Forcing homeowners into open-ended, private contracts that imperils their home and economic well-being is not an improvement – it is an abuse.
Local sewer authorities who have forced their customers into pressure testing want the city of Johnstown to follow their well-intentioned but seriously flawed example.
There is no good reason to do so, and some very good reasons to spare Johnstown homeowners this misplaced burden.
Sewer authorities derive their powers from the General Assembly. Those powers are strictly limited to those in the Municipal Authorities Act of 1945.
The General Assembly did not give – nor did it intend to give – sewer authorities the right to place the burden of proof upon homeowners; to force homeowners to prove that they are not in violation of any service standard; to force homeowners into open-ended contracts placing their solvency and home in jeopardy; and did not encourage violation of Fourth Amendment guarantees that citizens be secure in their homes.

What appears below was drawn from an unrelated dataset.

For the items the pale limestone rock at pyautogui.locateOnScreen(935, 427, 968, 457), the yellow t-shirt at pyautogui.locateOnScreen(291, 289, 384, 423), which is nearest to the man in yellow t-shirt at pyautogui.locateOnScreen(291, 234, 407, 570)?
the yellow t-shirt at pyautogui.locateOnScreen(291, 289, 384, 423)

In fact, there is a growing concern in the General Assembly that authorities can act arbitrarily without proper concern for the citizens they serve.

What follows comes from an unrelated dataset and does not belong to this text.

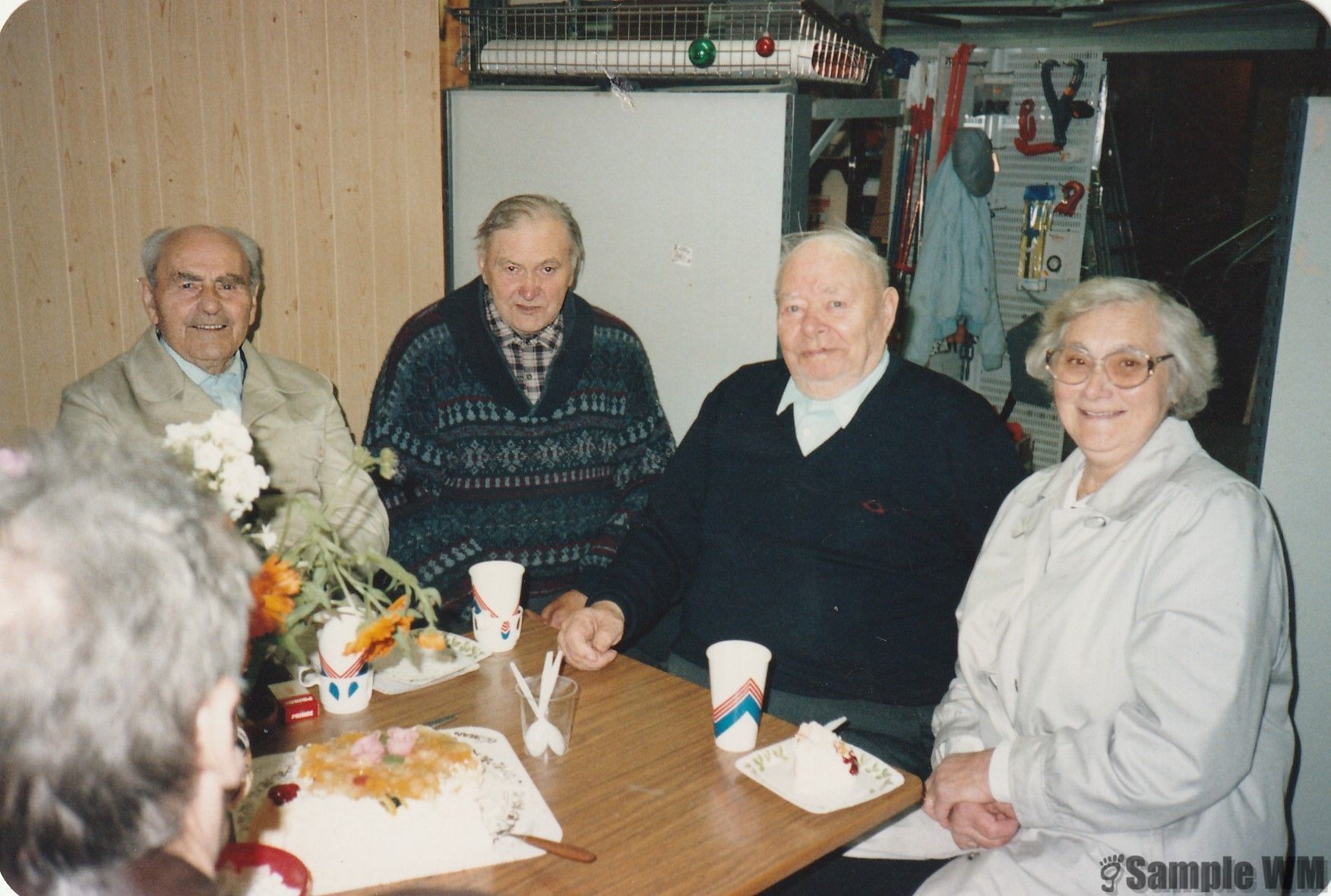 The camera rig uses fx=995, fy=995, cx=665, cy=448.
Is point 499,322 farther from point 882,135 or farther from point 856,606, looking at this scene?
point 882,135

Units of general government, especially home-rule charter communities such as Johnstown, derive their power directly from the citizens they serve as well as from the state, have broader responsibilities and powers, and are more accountable.
Putting the burden of proof on homeowners and forcing them to hire private contractors to look for air leaks in their sewer laterals – outside, under and inside their home – and then to pay to fix whatever air leaks those contractors might allege, at whatever cost they bill, is a serious abuse of Fourth Amendment rights.
When public officials believe it necessary in the interests of public safety to enter a home, they should seek a warrant as the Constitution requires.
Nationally, pressure testing – where it exists – is usually done by municipalities on their own sewer mains. Most municipal sewer inspection is done by video cameras. Pressure testing required of existing residential sewer laterals is a rarely found and extremely high standard of sewer maintenance.
Building codes that require pressure testing for new construction do not affect existing homes.
A recent national survey of municipal managers requesting information of communities that force homeowners to pressure test their sewer laterals, including under the basement slab, did not yield a single response. Even the wealthiest of American communities do not force homeowners into pressure testing.
The Pennsylvania Department of Environmental Protection (DEP) does not require pressure testing.
So, did local sewer authorities have choices? Oh, yes.
The first choice was to accept their own responsibility to take reasonable steps to curb stormwater inflow and infiltration. After addressing system issues such as cross connections between storm and sanitary sewers, damaged sewers and perforated manhole covers, the next action is usually to hire temporary employees to do smoke and dye testing to locate and eliminate roof drain connections. This was the recommendation of the DEP and it made sense. For some reason that needs to be discovered, local sewer authorities went above and beyond what was expected by the DEP.
Another choice was to avoid usurping powers not given.
Foisting this burden onto homeowners to prove that they have not violated some service standard is of questionable ethics and legality.
Clearly, the current law governing municipal authorities must be revisited to provide more accountability and more citizen recourse. The only recourse now available is to the Court of Common Pleas which, in effect, is no recourse.
An aggrieved citizen has to bring an expensive lawsuit against friends and neighbors serving on authority boards. The sued officials would be defended by the attorney serving the authority, or its insurance company, and, in either case, would be paid by the authority from monies collected from customers.
So plaintiffs would be paying the counsel for the defendants. Real recourse must be found for homeowners damaged by arbitrary and capricious actions of authority boards.
Public policy must be made by public officials – hopefully with good advice from professionals. The most efficiently engineered solution isn’t always the best public policy.
Overdesign can be a temptation for engineers. Consulting engineers and attorneys have a responsibility to recommend practices, policies and plans that are optimum, feasible, practical, ethical and lawful.
Edward Smith of Jackson Township is a retired city and county manager. He is chairman of the Pennsylvania Homeowners Association.